Question

For the circuits shown in figures I and II, the voltmeter reading would be

A. 2V in circuit I and 0V in circuit II
B. 0V in both circuits
C. 2V in both circuits
D. 0V in circuit I and 2V in circuit II

Answer 1

A voltmeter connected across a resistance, measures the potential drop that the resistance creates. This potential drop can simply be calculated by Ohm's law by knowing the value of current in the circuit.

Formula used:
Ohm’s law: Voltage drop across a resistance is given as:
V=IR;
when a current of I ampere is flowing in the circuit.

Complete answer:
We must first carefully observe the two circuits and try to compare and contrast them. Upon looking closely, we will find that in circuit I, the key is not placed in the circuit. This means that circuit I is not a closed circuit, so no current flows in that circuit and therefore the potential drop across the resistance will be 0 V. This, itself will provide us the right answer without any need to proceed further but just to make sure, we analyze circuit II with the help of Ohm's law. In circuit II, the key is placed, i.e., circuit is closed. A current will flow in the circuit which can be found out with the help of expression:
$I = \dfrac{E}{R}$
$I = \dfrac{2V}{2 \Omega }$A
I = 1A.
Again using Ohm's law, across resistance R, we get a potential drop of:
$V = 1 A \times 2 \Omega$
V = 2V.
Therefore, in circuit II, the voltmeter will measure a potential difference of 2V.

Therefore, the correct answer is option (D) i.e., we get a reading of 0V in circuit I and a reading of 2V in circuit II.

Additional information:
There is another method for dealing with such types of questions called Kirchhoff's voltage law. If we are given any loop with (or without) an emf, we can say that the sum of the products of all resistances and their respective currents is equal to the emf in the loop.
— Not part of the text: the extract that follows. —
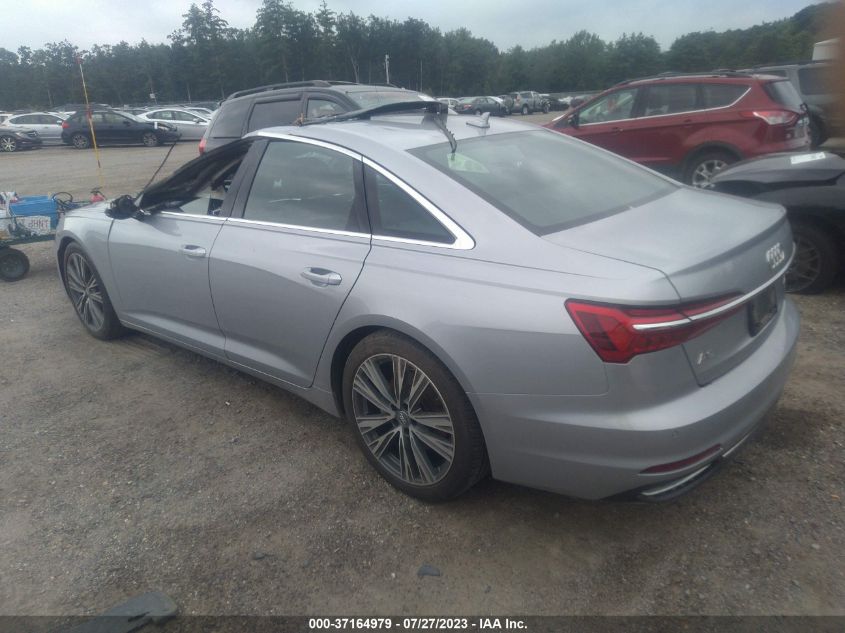 2020 AUDI A6 SEDAN PREMIUM 45 TFSI QUATTRO S TRONIC WAUD8AF20LN058073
Like in our case, we can clearly observe that there is only a single resistance so entire potential is dropped across that resistance only.

Note:
One might cut a step and directly say that the entire potential is dropped across the resistance R, so the potential drop across the resistance R will be 2V. One will get the right answer but in such case, if we were given that the emf had an internal resistance, then the current in the circuit would have been different.